### RECORDED INFORMATION:
::::
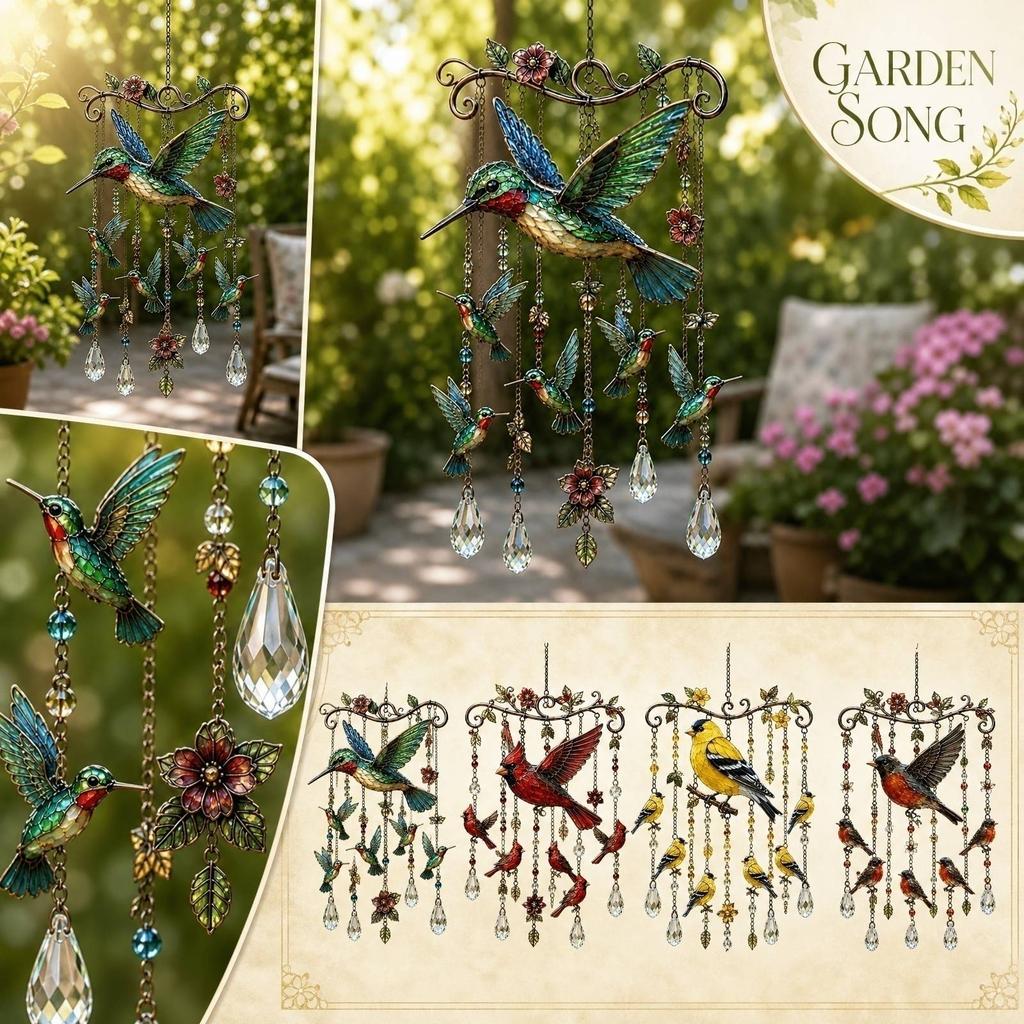 Stained Glass Hummingbird Wind Chime with Hanging Crystals and Floral Accents for Indoor Outdoor Home Garden Decor
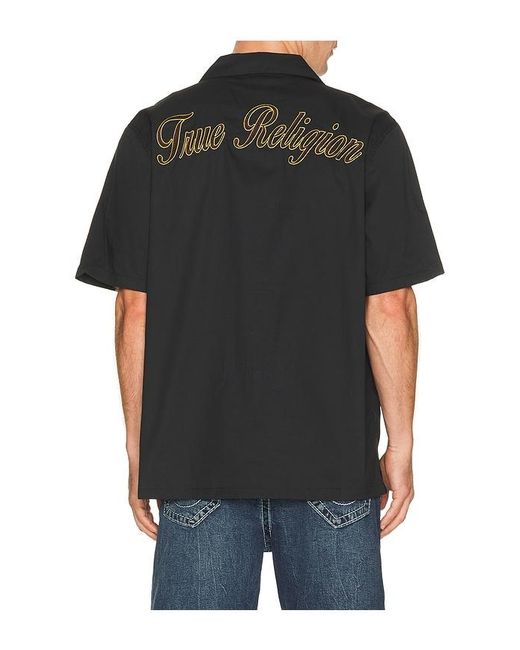 True Religion Black Camp Collar Shirt for men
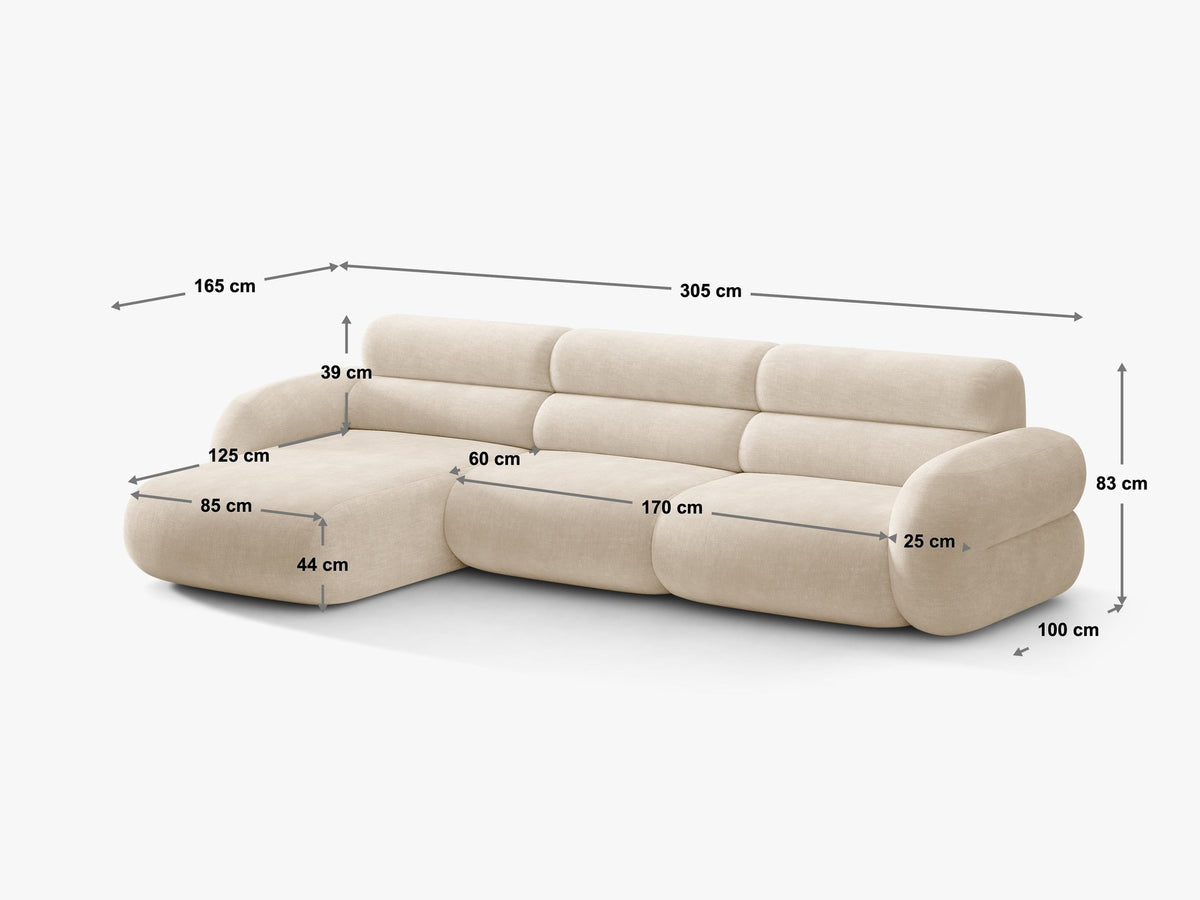 Linkes L-Ecksofa Neo von Micadoni in Dunkles Olivgrün, mit hoher Rückenlehne, schwarzen Kunststoffbeinen und tiefer gepolsterter Sitzfläche.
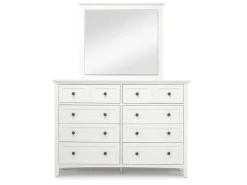Mor Furniture Bedroom Sets|Grace Panel Bed, Dresser, Mirror & Nightstand In Snowfall, Full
::::
### DIRECTIONS:
Output the whole listing again, exactly, without its pictures.

### ANSWER SECTION:
 Stained Glass Hummingbird Wind Chime with Hanging Crystals and Floral Accents for Indoor Outdoor Home Garden Decor
 True Religion Black Camp Collar Shirt for men
 Linkes L-Ecksofa Neo von Micadoni in Dunkles Olivgrün, mit hoher Rückenlehne, schwarzen Kunststoffbeinen und tiefer gepolsterter Sitzfläche.
Mor Furniture Bedroom Sets|Grace Panel Bed, Dresser, Mirror & Nightstand In Snowfall, Full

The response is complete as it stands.